# File Handling

Today we will learn about how to read from and write to files on your computer using a Python script! Credit to Rochelle Terman

In [None]:
## Import required libraries
import tweepy
import json

### Reading from a file

Reading a file requires three steps:

1. Opening the file
2. Reading the file
3. Closing the file

- An exclamation point `!` puts you in bash
- The `touch` command creates a file. You use it by including an argument which is the name of the file you create.

In [None]:
!touch sample.txt

In [None]:
my_file = open("sample.txt", "r")
text = my_file.read()
my_file.close()

print("--" + text + "--")
print(len(text))

We see that when we create a new file using bash, it's empty. Let's try reading from a file with text in it -- for example, `example.txt`.

In [None]:
my_file = open("example.txt", "r")
text = my_file.read()
my_file.close()

print("--" + text + "--")
print(len(text))

- However, use the `with open` syntax and this will automatically close files for you. 
- The `'r'` indicates that you are reading the file, as opposed to, say, writing to it.

In [None]:
# better code
with open('example.txt', 'r') as my_file:
    text = my_file.read()
    
print("--" + text + "--")
print(len(text))

`with` will keep the file open as long as the program is still in the indented block, once outside, the file is no longer open, and you can't access the contents, only what you have saved to a variable.

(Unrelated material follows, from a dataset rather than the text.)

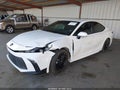 2026 Toyota Camry — photo 6 of 16 | VIN 4T1DAACK9TU773088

### Reading a file as a list

- Very often we want to read in a file line by line, storing those lines as a list.
- To do that, we can use the `for line in my_file` syntax:

In [None]:
stored = []
with open('example.txt', 'r') as my_file:
    for line in my_file:
        stored.append(line)

In [None]:
stored

- We can use the `strip` [method](https://github.com/dlab-berkeley/python-intensive/blob/master/Glossary.md#method) to get rid of those line breaks at the end

In [None]:
stored = []
with open('example.txt', 'r') as my_file:
    for line in my_file:
        stored.append(line.strip())

In [None]:
stored

### Writing to a file

We can use the `with open` syntax for writing files as well.

In [None]:
# this is okay...
new_file = open("example2.txt", "w")
bees = ['bears', 'beets', 'Battlestar Galactica']
for i in bees:
    new_file.write(i + '\n')
new_file.close()

In [None]:
# but this is better...
bees = ['bears', 'beets', 'Battlestar Galactica']
with open('example2.txt', 'w') as new_file:
    for i in bees:
        new_file.write(i + '\n')

In [None]:
!cat example2.txt

In [None]:
# but this is better...
bees = ['bears', 'beets', 'Battlestar Galactica']
with open('example2.txt', 'a') as new_file:
    for i in bees:
        new_file.write(i + '\n')

In [None]:
!cat example2.txt

### Using the CSV Module

A common task in programming is reading a csv file. 
- In python, a common way to do that is to read a csv as a list of dictionaries. 
- For this, we use the `csv` module

In [None]:
import csv

In [None]:
# read csv and read into a list of dictionaries
capitals = [] # make empty list
with open('capitals.csv', 'r') as csvfile: # open file
    reader = csv.DictReader(csvfile) # create a reader
    for row in reader: # loop through rows
        capitals.append(row) # append each row to the list

In [None]:
capitals[:5]

- Writing a list of dictionaries as a CSV is similar:

In [None]:
print(len(capitals))

# get the keys in each dictionary
keys = capitals[1].keys()
print(keys)
keys = list(keys)
print(keys)

In [None]:
# write rows
with open('capitals2.csv', 'w') as output_file:
    dict_writer = csv.DictWriter(output_file, ['Country', 'Capital', 'Latitude', 'Longitude'])
    dict_writer.writeheader()
    dict_writer.writerows(capitals)

### Challenge 1: Read in a list

The file `counties.txt` has a column of counties in California. Read in the data into a list called `counties`.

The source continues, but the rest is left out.